Our study collected demographic data, anthropometric data, and laboratory results. Age and gender, as demographic data and metformin dose, were obtained from medical records. Nutritionists measured anthropometric measurements, including body weight, height, and waist circumference. Body Mass Index (BMI) was calculated by divided body weight (kg) by height (m2). Blood pressure was measured by the nurse in early registration. We examined laboratory results, including FBG, HbA1c, creatinine serum, HDL-c, Triglyceride-c, and total cholesterol. Laboratory data were collected by a PHC analyst that helped by a commercial laboratory after an overnight fast. FBG and creatinine serum was measured by the hexokinase method and enzymatic method, respectively. HbA1c was calculated using high-performance liquid chromatography (Cobas D-10). Glomerular filtration rate (GFR) was calculated using CKD-EPI formulation using the creatinine level. Lipid profiles, including HDL-c, Triglyceride-c, and total cholesterol, were measured using Cobas C311. LDL was calculated using Friedewald formulation.
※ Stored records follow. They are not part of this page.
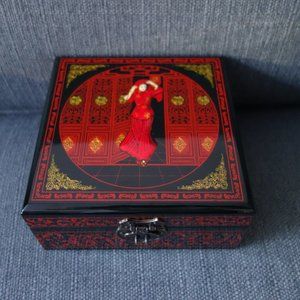 Geisha Jewelry Box with Lock *Like New Conditiion*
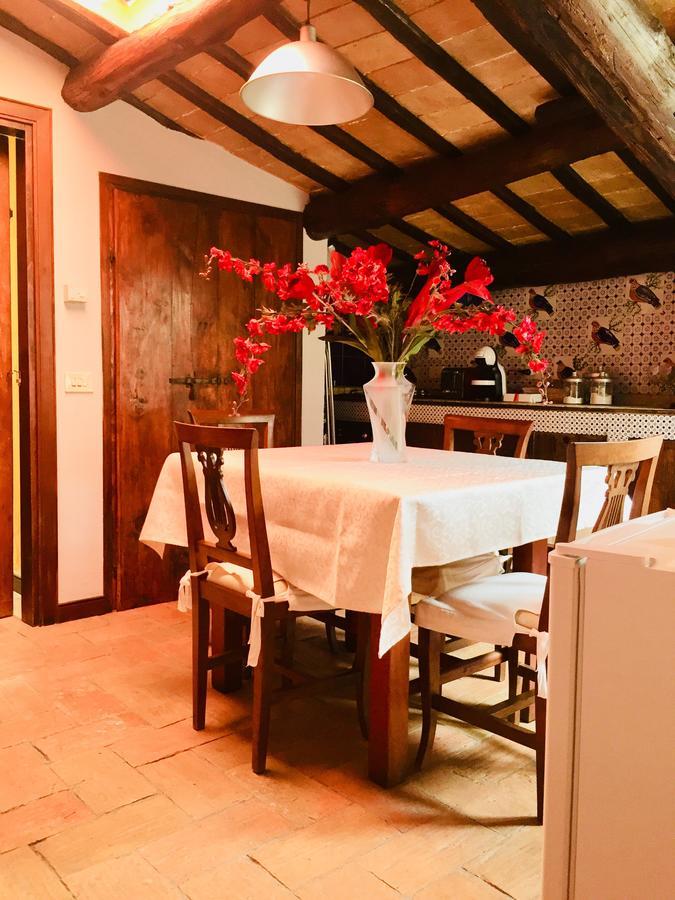 Sotto I Tetti Del Borgo Apartment Spoleto Exterior photo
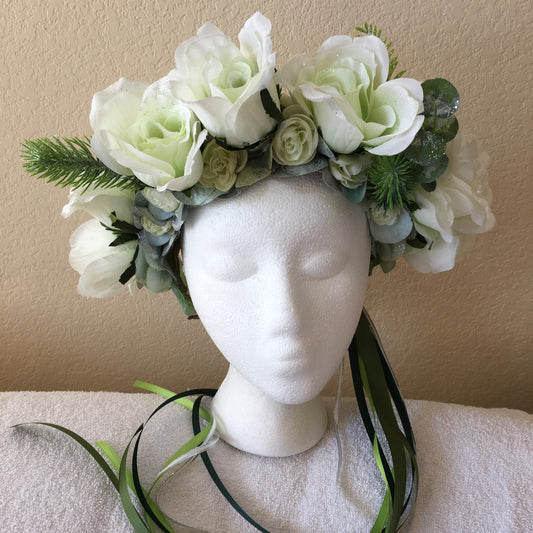 Extra Large Wreath - Pale green roses w/ pine cone accents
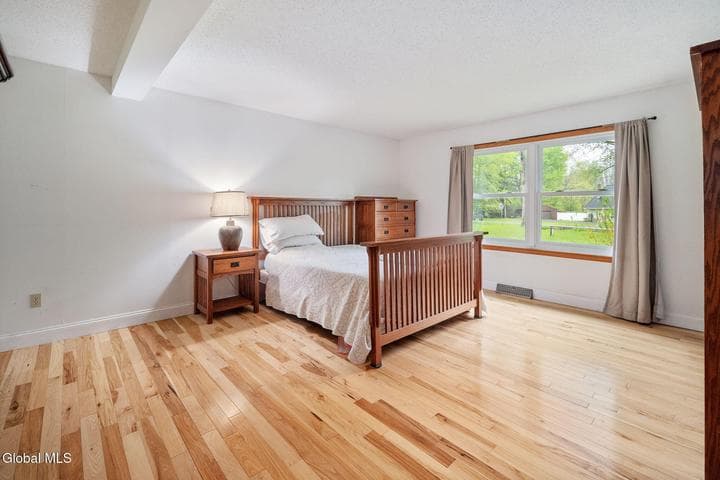 1129 Meadowdale Road, Guilderland, NY, photo 5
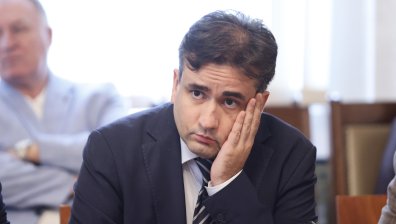 Божанов към прокуратурата: Не бавете искането за имунитета ми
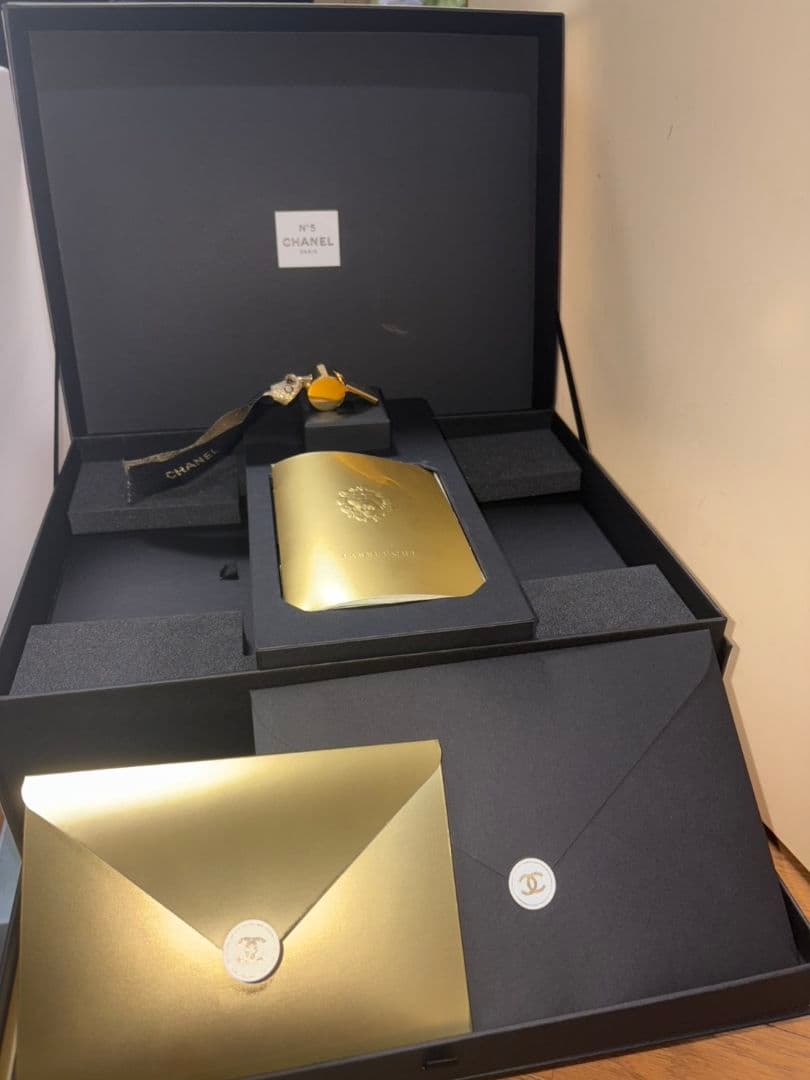 CHANEL 香水 小物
DNA extraction and genotyping

According to the kit protocol, genomic DNA was extracted from peripheral whole blood-EDTA using Geneaid® Blood DNA Mini Kit and stored at -20 until the genotyping procedure. Genotyping in rs2796498, rs9803799, and rs2746342 was performed using the TaqMan® genotyping assay and Applied Biosystems® qPCR 7500 Fast Real-Time PCR System. The final reaction volume using in real-time PCR is 10mL, including 2.5 mL nucleotide-free water, 5mL TaqMan GTXpress mix, 0.5mL TaqMan SNP genotyping assay, and 2mL of genomic DNA. The thermal cycle for a reaction was as follows: 40 cycles at hold 95°C for the 20s, at denaturing 95°C for 3s, and then annealing 60°C for 30s. PRKAA2 SNPs were determined using the following primer sequences:

rs2796498: CTGTAACAGTGTTAGTGATTTAAAC[A/G]GAGAGAGCAACCTTACCCTTTCAGT

rs9803799: TAAATACAGGGTTTATATCCCCACA[G/T]TCAATGTAAATTCCTTTTTTTAAAA

rs2746342: AGAGAGGCTAAGATGCAGGCTGTAC[G/T]CTGGGTAGCCATGTACTCAGTTGTA

Statistical analysis

The baseline and follow-up participant's characteristics were analyzed and compared between the genotype model using an independent t-test or chi-square, as appropriate. We applied the dominant and recessive model in comparing clinical characteristics. Data are expressed in mean+SD for numerical data and n(%) for categorical data. Allele and genotype frequencies were evaluated by Hardy-Weinberg equilibrium (HWE) using chi-square. The association between responder status and genotypes was analyzed using multinominal logistic regression by adjusting for age, gender, BMI, WC, lipid profiles, glomerular filtration rate, and blood pressure. All statistical analysis was performed using SPSS version 25.0, and p<0.05 was considered statistically significant.

Results

Of the 191 participants who have classical T2DM signs, 62 were dropped out: 35 were HbA1c<7%, 3 were age>70 years old, 18 had eGFR<30 mL/min/m2, 20 did not comply with consuming metformin, and 23 needed the second agent. The baseline characteristics are shown in Table. 1. BMI in the AA group (29.00+5.34) was higher than the GG+AG group (25.01+4.21) in the rs2796498 recessive model (p=0.04). However, both have been classified as obesity. The differences between FBP and HbA1c before metformin treatment are only found in the rs2796498 recessive model (p=0.02 and p=0.04, respectively). Specifically, rs2796498 in the recessive model showed that the GG+GT group tended to have lower FBG and HbA1c before metformin therapy (174.39+58.08 mg/dL and 9.29+1.74%) than the TT group (211.67+74.21 mg/dL and 10.27+2.07%). Moreover, there were no significant differences in baseline characteristics in rs980377, either dominant or recessive models. 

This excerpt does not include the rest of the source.